大阪市の神社と狛犬 ⑯天王寺区 ⑥久保神社~完成された姿で端座する青銅製狛犬~
大阪市天王寺区の地図と神社
大阪市には、現在24の行政区があります。天王寺区は大阪市の中南部に位置し、区域の大半は南北にのびる上町台地上にあります。区名は、聖徳太子建立の日本最古の官営寺院である四天王寺に由来します。区内には約200の社寺があるほか、名所旧跡も多く、歴史と伝統の息づく町といえます。
天王寺区には、神社が11社あります。そのうちの1社は、生野区にある弥栄神社の御旅所です。
今回参拝する久保神社は、四天王寺七宮の一つで、願成就宮と言われています。最寄り駅のJR環状線寺田町駅から、北へ徒歩で10分ほどの場所に鎮座します。
久保神社
■所在地 〒543-0043 大阪市天王寺区勝山2-5-14
■主祭神 天照大御神
■由緒 聖徳太子が四天王寺創建の際に建立した四天王寺七宮の一つで、社名は、かつてこの辺りが窪地であったことに由来するのか。旧久保村の産土神である。明治40年(1907)に生野国分の村社稲生神社と熊野大神宮を合祀したことから、相殿神として熊野大神(速素盞男尊・伊邪那岐尊・伊邪那美尊)と宇賀御霊神をお祀りする。

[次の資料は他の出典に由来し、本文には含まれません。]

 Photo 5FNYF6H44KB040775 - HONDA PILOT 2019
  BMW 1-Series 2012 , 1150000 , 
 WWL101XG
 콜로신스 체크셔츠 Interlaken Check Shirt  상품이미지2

神社の南側の正面鳥居以外に、西側と東南角にも鳥居がある。正面鳥居から参拝すると、拝殿前に置かれた青銅製の狛犬が目に入る。この久保神社で天王寺区6社目だが、ここまで3社に青銅製狛犬があった。
狛犬1
■奉献年 昭和十年十一月(1935)
■作者 原型 伊藤保齋 鋳造 伊藤鋳造所
■材質 青銅製
■設置 拝殿前
昭和10年(1935)奉納の青銅製狛犬。原型を作成した伊藤保齋という人物も、狛犬の鋳造を行った伊藤鋳造所も、今となっては不明である。

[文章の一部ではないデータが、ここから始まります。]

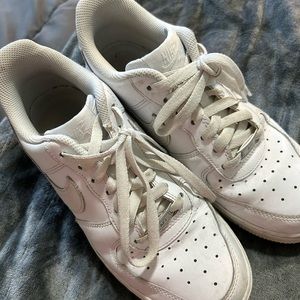 Nike airforces size US 8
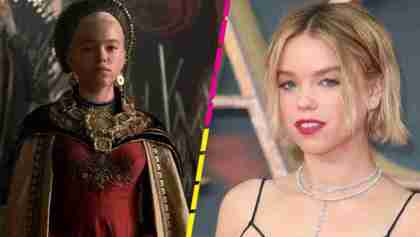 Milly Alcock, la joven que lavaba platos antes de aparecer en 'House of the Dragon'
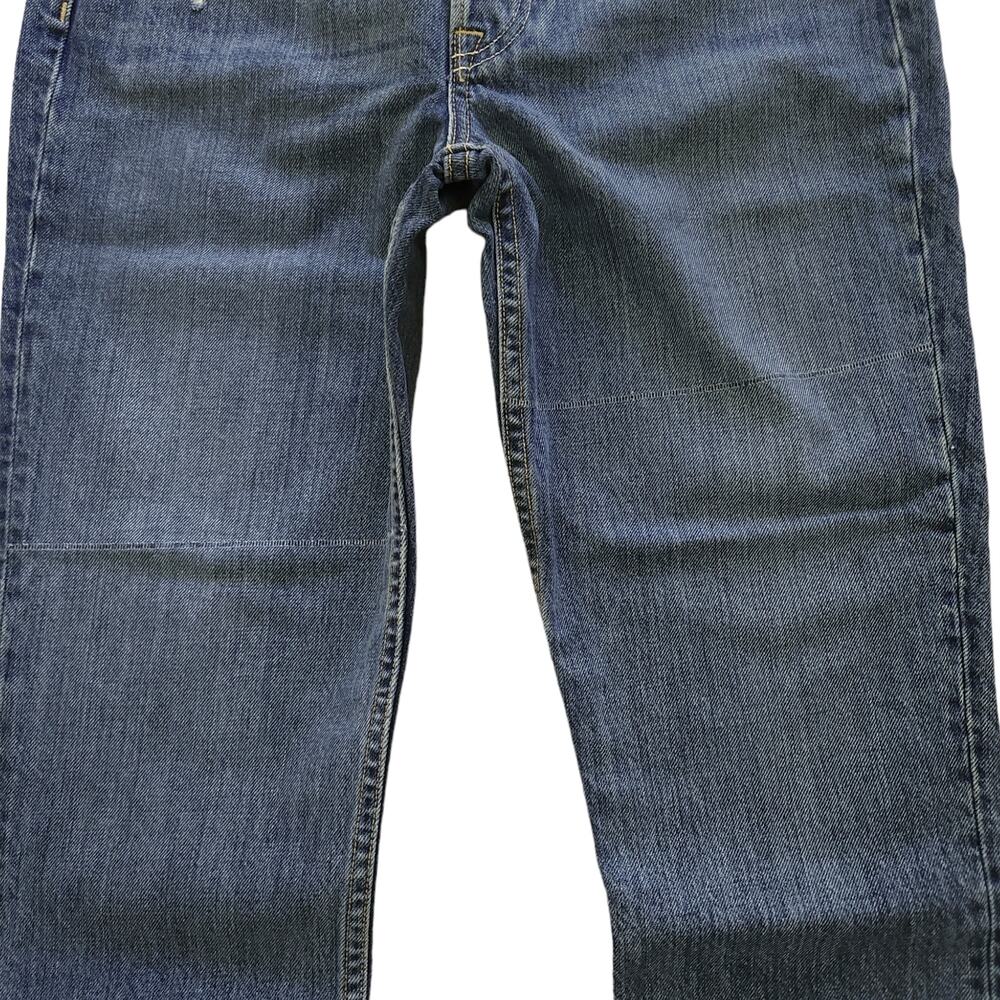 GRLFRND Karolina high rise skinny cropped jeans in Forget Me Never Size 28 NEW - Picture 7 of 10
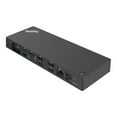 thumbnail image 5 of Lenovo ThinkPad 135W Thunderbolt 3 Dock Gen 2, Black, 5 of 7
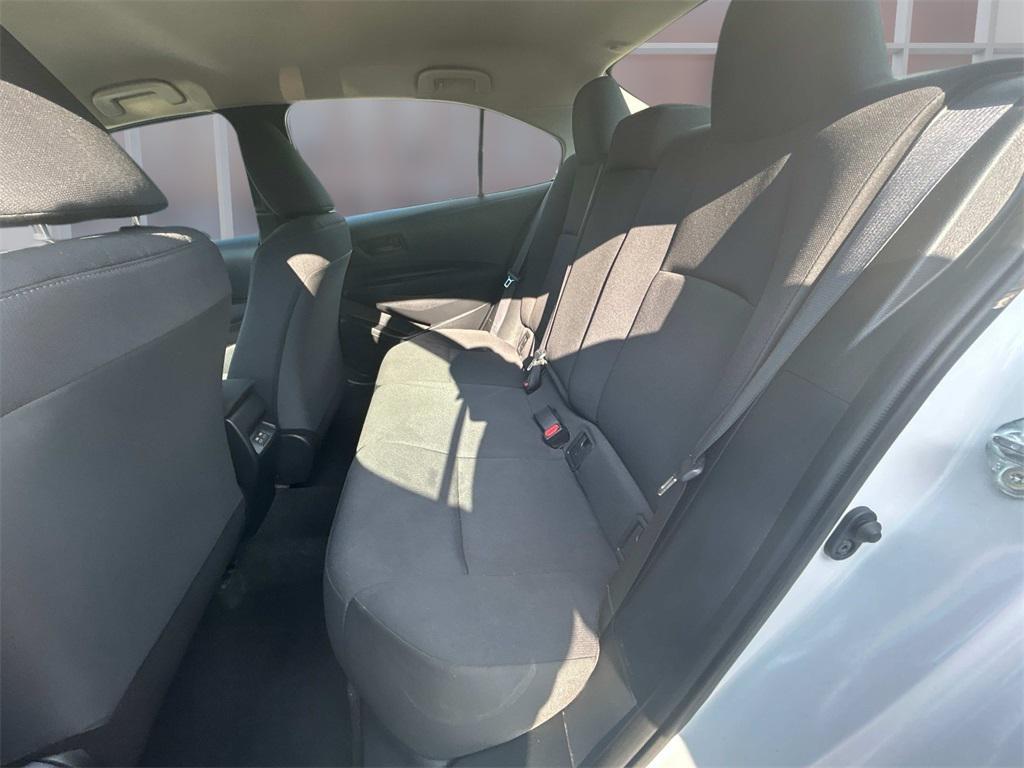 used 2024 Toyota Corolla car, priced at $21,400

堂々とした安定感のある立派な狛犬である。太くつり上がった眉と後方に靡くような耳、顔の周りで大きく渦を巻いて盛り上がる毛並みも太い流れ毛も力強い。尻尾もたくさんの巻毛の上に毛房が炎のように立ち上がる。
胸に飾りの付いた帯をつけているのは、宋風獅子の影響が感じられる。
バランス、落ち着いた迫力、技量、どれをとっても素晴らしい青銅製狛犬である。
狛犬2
■奉献年 平成十一年三月吉日(1999)修復
■作者 不明
■材質 花崗岩
■設置 境内東南鳥居前
久保神社には、境内の東南角にも鳥居があり、平成の新しい狛犬が安置されている。狛犬の第一台座には「平成十一年三月吉日修復」という文字が彫られている。「修復」の意味がよくわからない。その下の「奉獻」と記された台石以下は古いもので、先代の狛犬が坐していたのだろう。「修復」とは狛犬の代替わりをいうのだろうか。
古い台座の紀年銘は「文化十三年 丙子十一月」と読める。200年前の浪速狛犬はどこへ行ってしまったのだろうか。『狛犬の研究ー大阪府の狛犬ー』(奈良文化財同好会)によると、先代の狛犬は「大坂橫堀 西川屋五良兵衛」の作という。台座のどこかに石工銘があるようだが、見逃してしまった。平成の初め頃には阿形の損傷がひどく、吽形のみのなっていたらしい。
狛犬3
■奉献年 平成十一年五月吉日(1999)修復
■作者 不明
■材質 花崗岩
■設置 境内社(方除神社・白龍神社)前
境内社の方除神社・白龍神社の前にも平成の新しい狛犬が置かれている。
台座はこちらも先代のものを利用していて、「文政元寅年八月吉日」の文字がある。文政の浪速狛犬も平成の初め頃まではあったようだが、新しい狛犬と代替わりしたあと、処分されたのだろうか。神社のどこかに保管されていればよいのだが・・・。